Insert eye roll, right? Only here's the thing: Twenty minutes into dinner at the Gray House, and I was eating my skepticism. With relish. Chef/owner Ian Gray calls his new Lyn-Lake place a gastropub -- he's channeling traits absorbed from several crawls through London's pubs -- but that label seems inadequate for cooking that frequently exudes so much aromatic, full-bodied flavor.

Then again, Gray's seasonally focused food is the dining equivalent of unpacking a much-loved winter wardrobe. There's chicken, roasted on the bone, swimming in succulent pan juices and doused in more herbs than the produce section at Lunds.

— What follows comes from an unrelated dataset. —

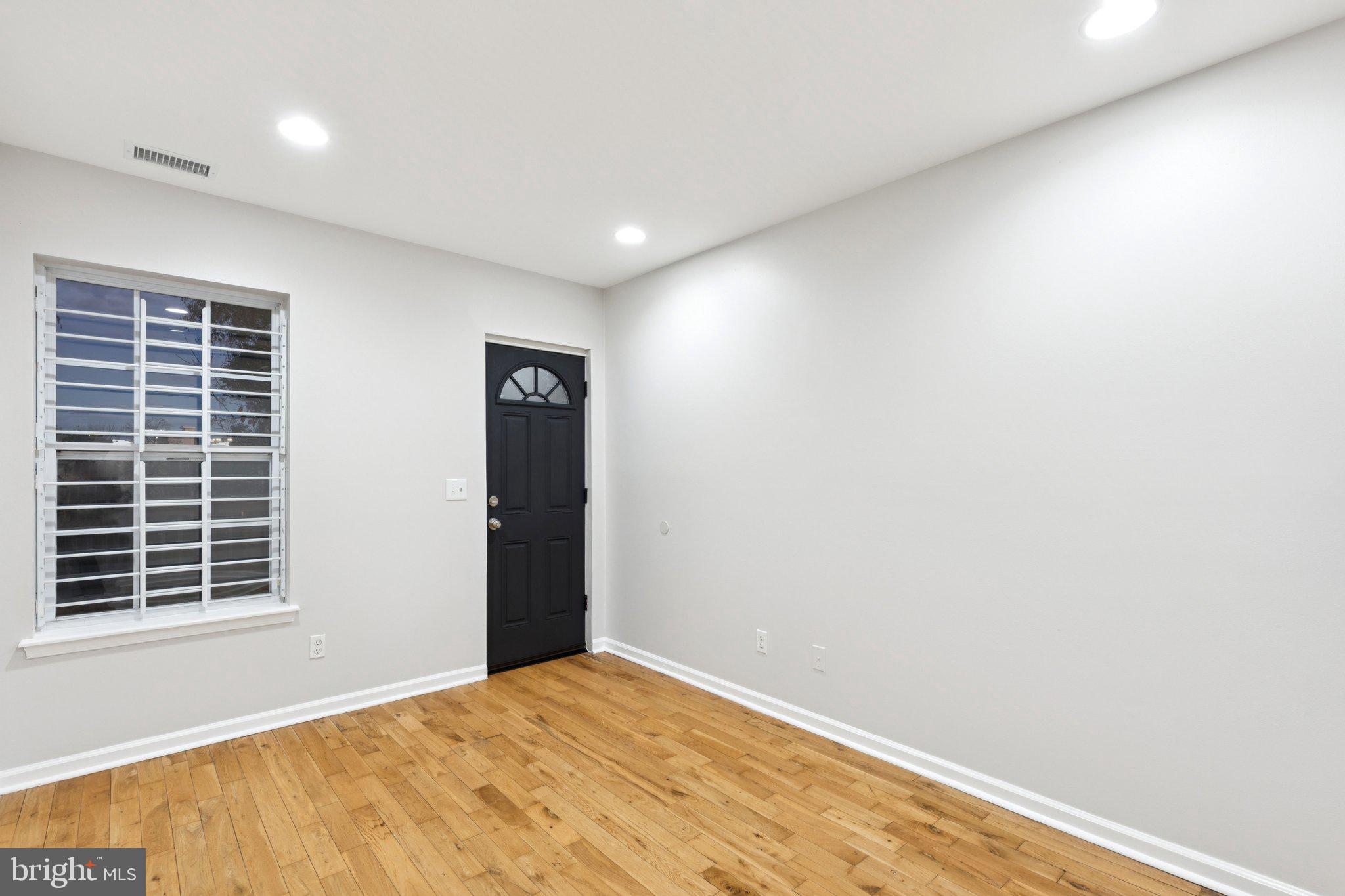 1931 N UBER STREET 2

Scallops are seared to a lustrous deep caramel brown and teased with candied bacon.

The heartiness of snappy skinned pork sausages is accentuated by cubes of roasted butternut squash and chewy white beans. There are hearty side dishes along the lines of carefully roasted Brussels sprouts, and a short list of appetizers is headlined by vibrant salads and a big, rustic bruschetta that is best described as a graduate course in ham sandwiches. If this is the way Gray responds to November's chills, then I can't wait to see how he reacts to January's frozen depths.

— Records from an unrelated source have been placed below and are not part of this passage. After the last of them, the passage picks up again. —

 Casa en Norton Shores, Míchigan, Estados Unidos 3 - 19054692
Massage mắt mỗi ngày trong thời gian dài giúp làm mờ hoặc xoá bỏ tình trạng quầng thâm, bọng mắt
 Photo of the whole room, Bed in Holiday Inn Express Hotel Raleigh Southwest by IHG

Gray and his crew keep their pastamaker busy, turning out long strands of bucatini and linguini, spiraled fusilli and wide ribbons of roughly cut maltagliati, all so expertly prepared that they could be relished with just a touch of butter or cheese. But Gray, 29 and a rising star, embellishes his pastas with assurance, whether he's juicing up forkfuls of tender chicken simmered with sweet, slow-cooked onions, or pairing figs with Wisconsin-raised ham hocks braised in Parmesan rinds.

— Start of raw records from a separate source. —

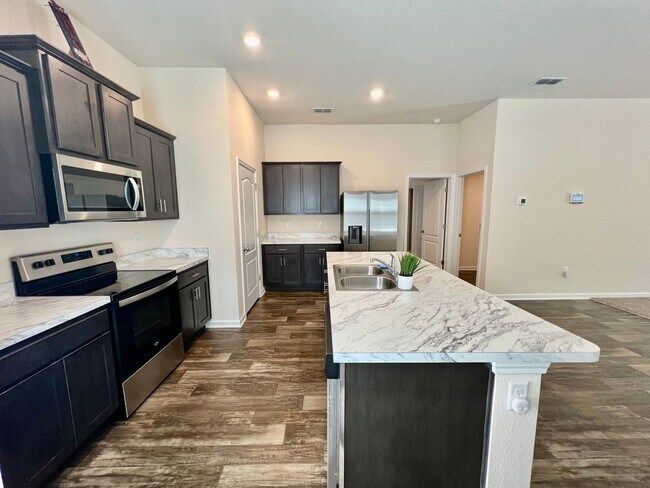 Foto del edificio - Like new home in Winchester Ridge!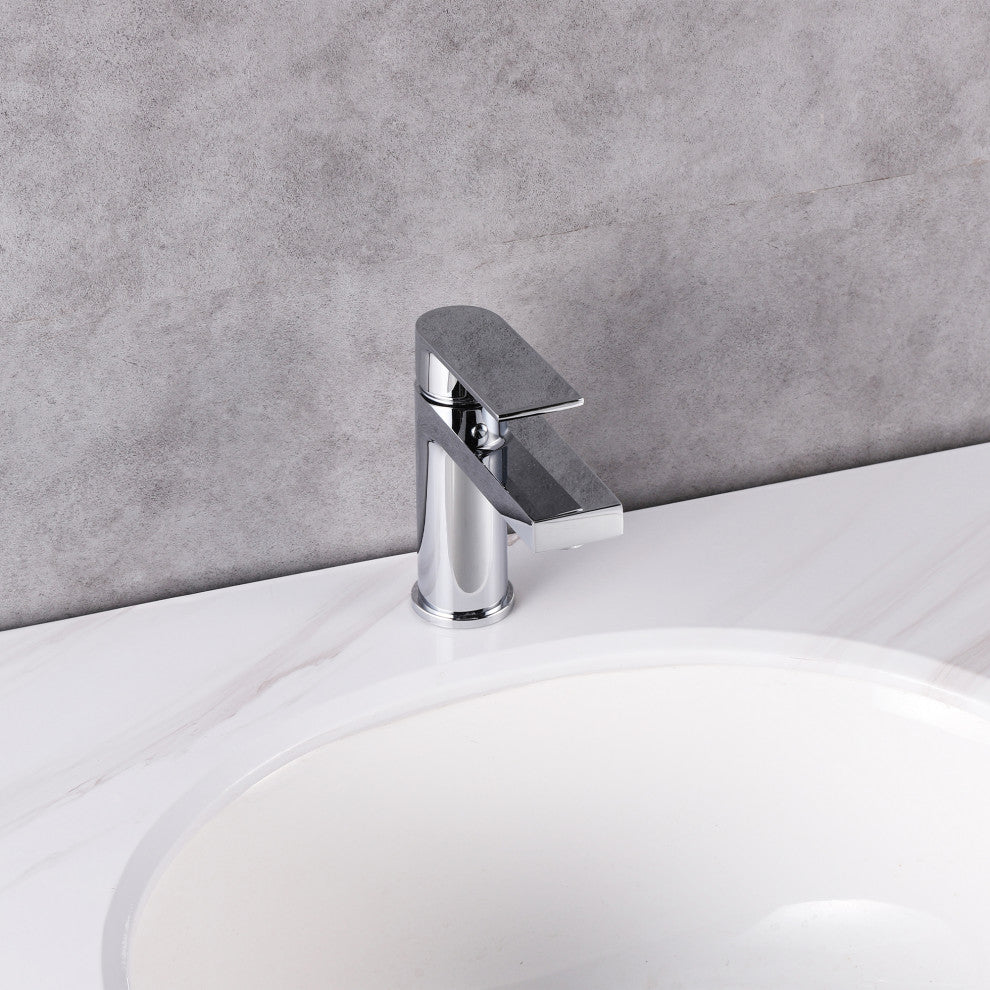 Single Handle Low Arc Lavatory Faucet in Chrome Finish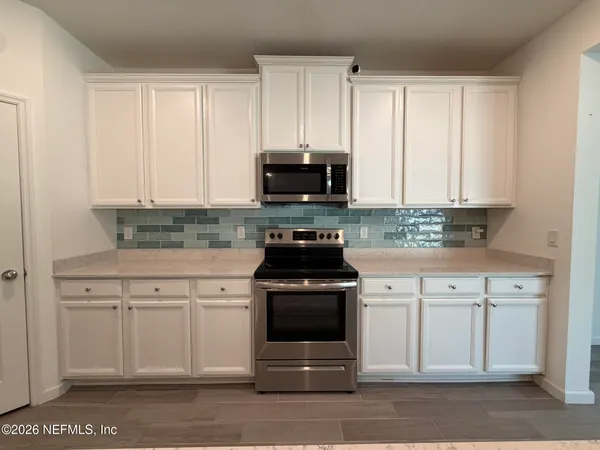 $2,400 | 7212 Calamint Avenue, Jacksonville, FL 32219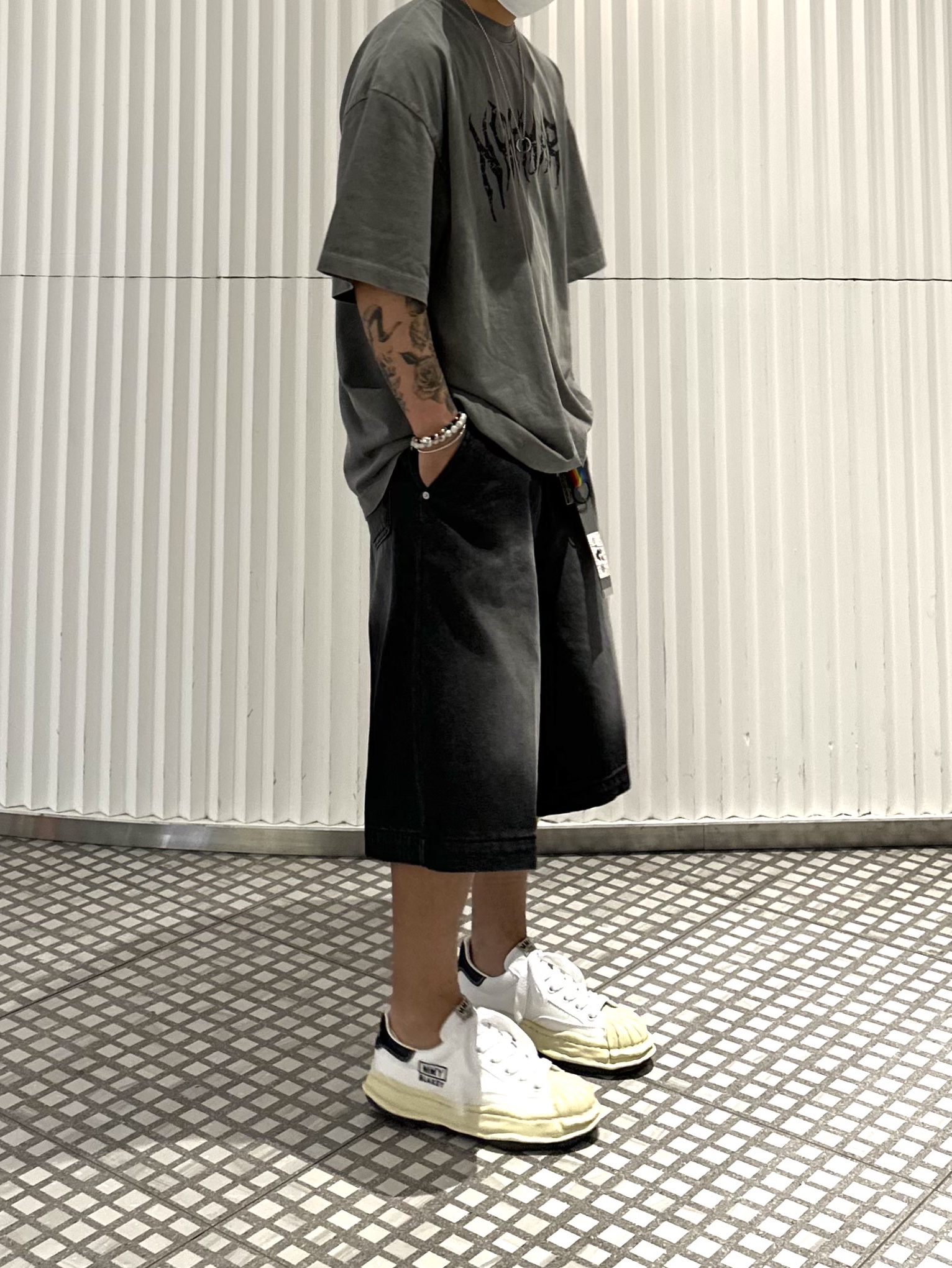 Maison Mihara Yasuhiro Blakey VL OG Sole Canvas Low-top Sneakers White 착용 스타일 - 2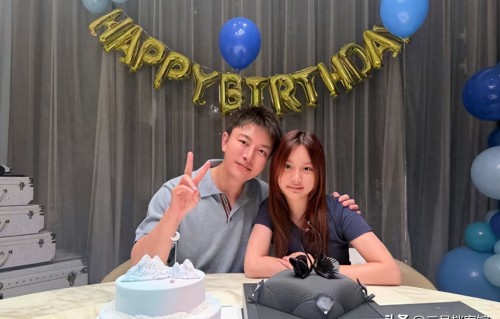 贾乃亮42岁生日不见女友，13岁女儿甜馨独家陪伴，越长越像爹 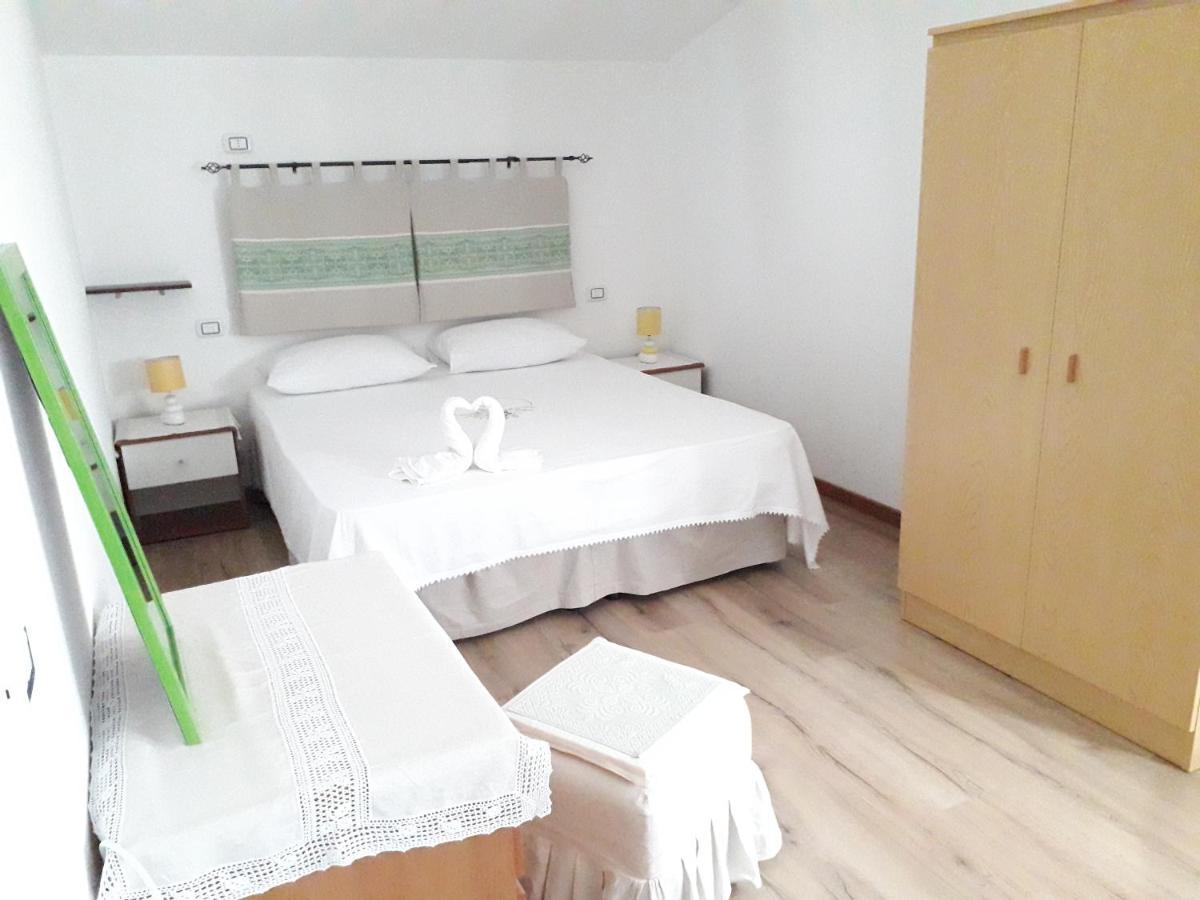 B&B I Limoni Sorso Eksteriør billede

It's fun to discover how Gray's idiosyncratic obsessions play out on his ever-evolving menu, whether it's bitter greens, or aromatics, or the deeply savory, mouth-melting young goat from Singing Hills Goat Dairy in Nerstand, Minn. The lamb-like meat is of such superior quality that Gray doesn't need to do much to unlock its wildly appealing flavor and texture.

Invoking little more than salt, pepper and know-how, Gray forever challenges pork's supremacy with ribs. Carefully charred thin-cut chops, dressed with pickled red onions and tangy yogurt (goat's milk, naturally), were similarly memorable. Still, the pinnacle might be the superb burger, a thick, juicy patty of that herbaceous ground goat meat, crowned with a slab of white Cheddar, its toasted brioche bun swiped with a lively tomato jam.

Another strategy is scouring the Minneapolis Farmers Market for offbeat ingredients. One recent find: Buying out a farmer's entire stash of ginger roots and stalks. Part of that unplanned bounty bumped up the fragrant broth that is the backbone of a soup brimming with kale, radishes, slurp-inducing udon noodles and dainty potstickers filled with roasted Hubbard squash. A percentage of it pepped up dices of velvety, coral-colored raw tuna, tiny gold grape tomatoes and bright basil and lemongrass accents, spooned over spears of grilled baguette. The rest found its way into a sage-apple-bacon fat mash that landed at Lucid Brewing, where it was infused into the brewery's golden Dyno beer. I lucked into its one-night-only appearance. The verdict? Awesome.

But it's when the subject turns to chiles and peppers that Gray is revealed as a true savant. For a guy who grew up here, Gray cooks as if he's lived his whole life near the equator -- but by not more evenly tempering his enthusiasm, he's steamrolling other, more nuanced qualities.

The bar brews a fine latté, but tea drinkers are out of luck. Sunday brunch leans overwhelmingly on the carbs and the spice levels. Desserts don't share the same pizzazz as their savory counterparts, with one exception: a compulsively appealing chocolate custard served in a glass jar. Turns out it's an homage to the phenomenal butterscotch budino at Isaac Becker's 112 Eatery.